Write out the listing below in its entirety, minus the pictures, without changing a word.

*** Data below Section Begins ***

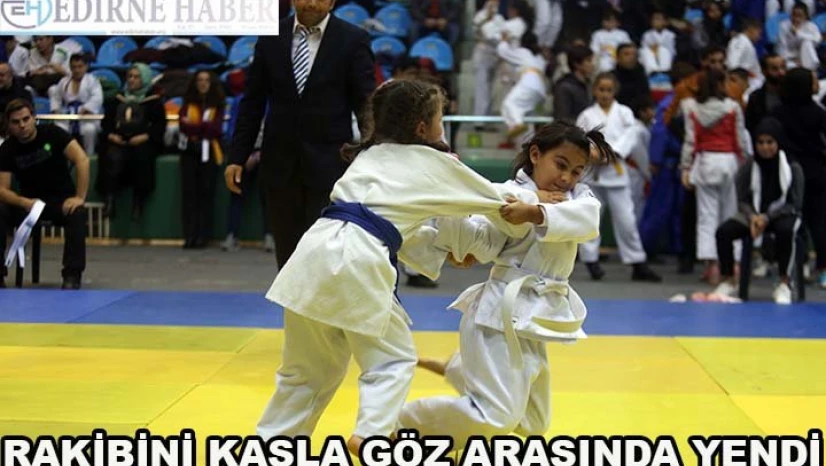 Minik judocu rakibini 'kaşla göz arasında' yendi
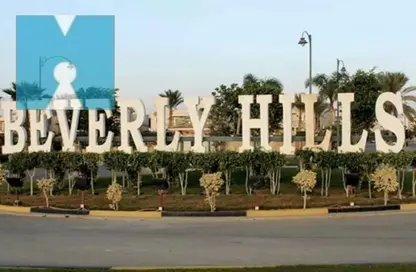 Villa - 3 Bedrooms - 3 Bathrooms for sale in Beverly Hills - Sheikh Zayed Compounds - Sheikh Zayed City - Giza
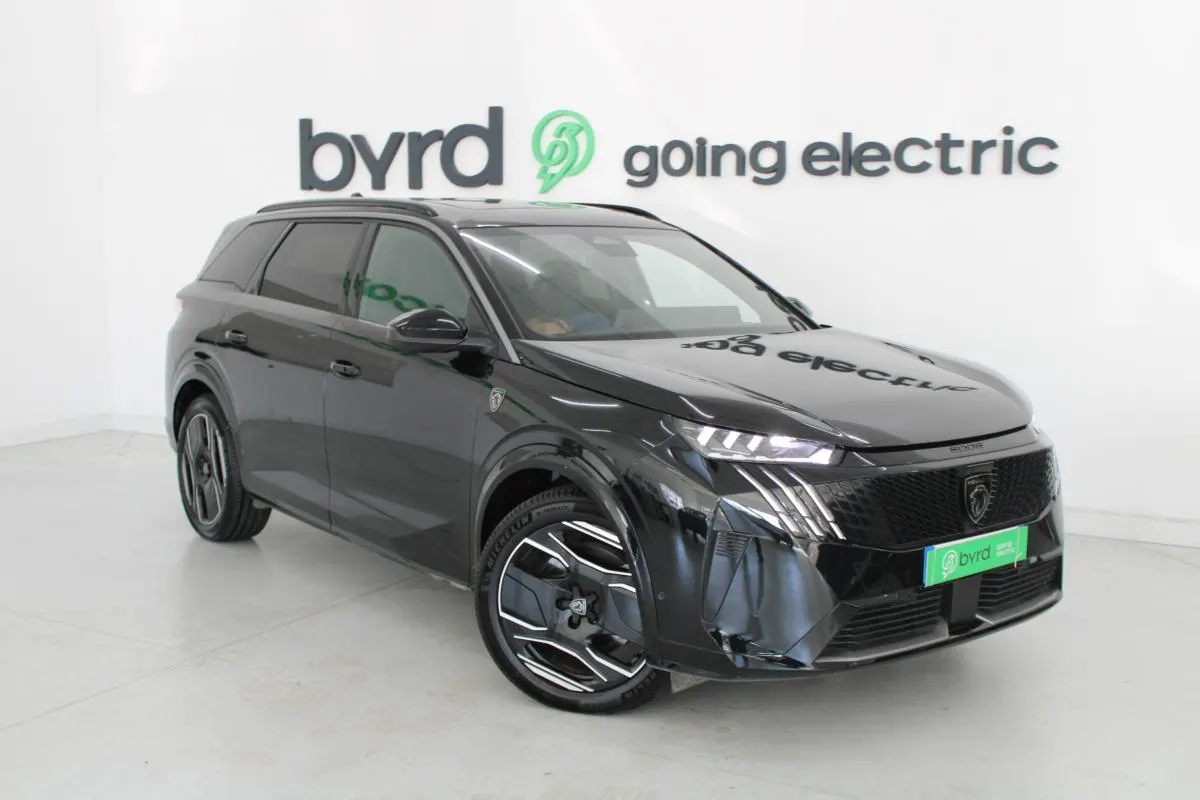 Peugeot E-5008 - Photo 1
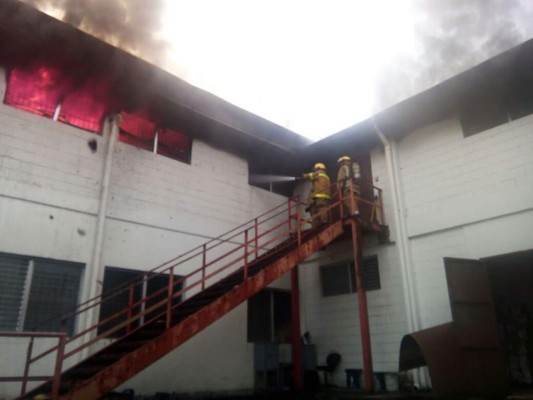 Incendio de grandes proporciones en una bodega del parque Zip Choloma #1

*** Data below Section Ends ***

# Task output
 Minik judocu rakibini 'kaşla göz arasında' yendi
 Villa - 3 Bedrooms - 3 Bathrooms for sale in Beverly Hills - Sheikh Zayed Compounds - Sheikh Zayed City - Giza
 Peugeot E-5008 - Photo 1
 Incendio de grandes proporciones en una bodega del parque Zip Choloma #1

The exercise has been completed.